**INFORMATION SUPPLIED:**
-- Opening Marker --
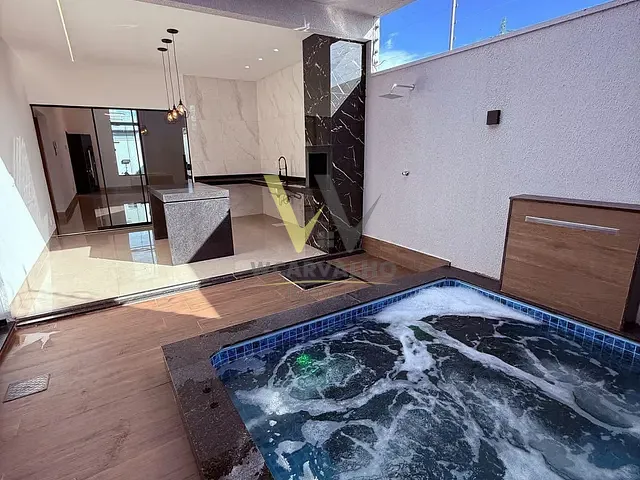 Casa com 200m² 3 quartos e 2 banheiros, à venda, no bairro Jardim Italia em Anápolis
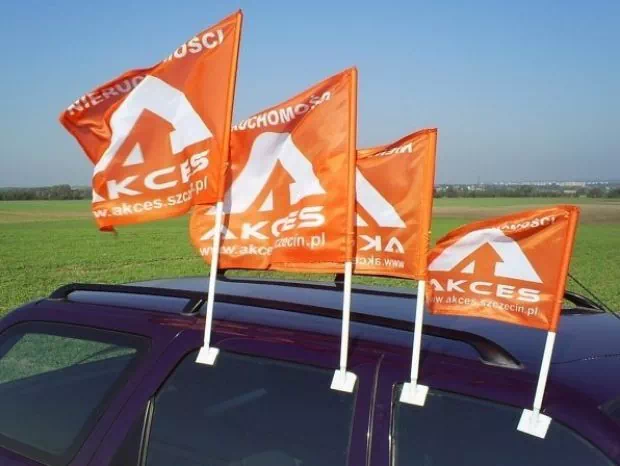 Flagi reklamowe na samochodzie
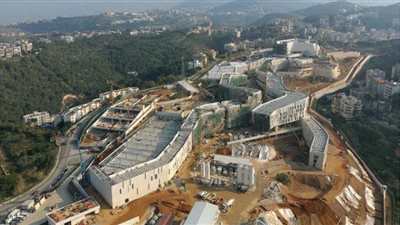 الجيش اللبناني يفرض طوقا أمنيا بمحيط السفارة الأمريكية في عوكر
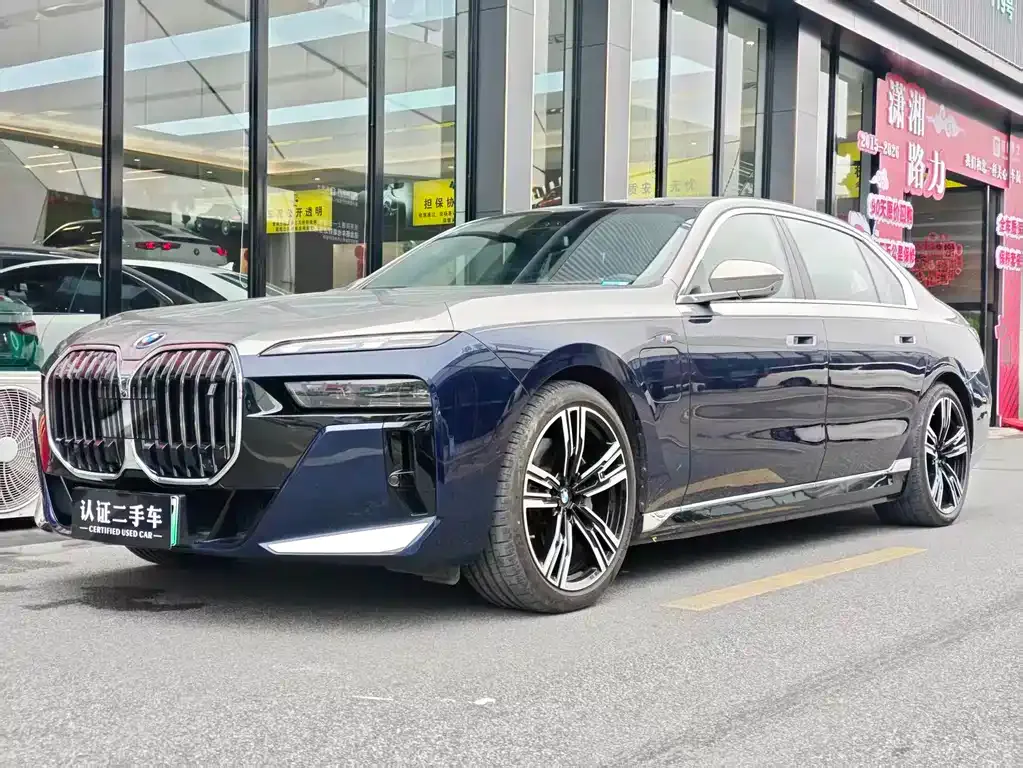 BMW i7 — фото 1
-- Closing Marker --
**YOUR INSTRUCTIONS:**
Leaving out the pictures, restate the listing above exactly.

**EXERCISE OUTPUT:**
 Casa com 200m² 3 quartos e 2 banheiros, à venda, no bairro Jardim Italia em Anápolis
 Flagi reklamowe na samochodzie
 الجيش اللبناني يفرض طوقا أمنيا بمحيط السفارة الأمريكية في عوكر
 BMW i7 — фото 1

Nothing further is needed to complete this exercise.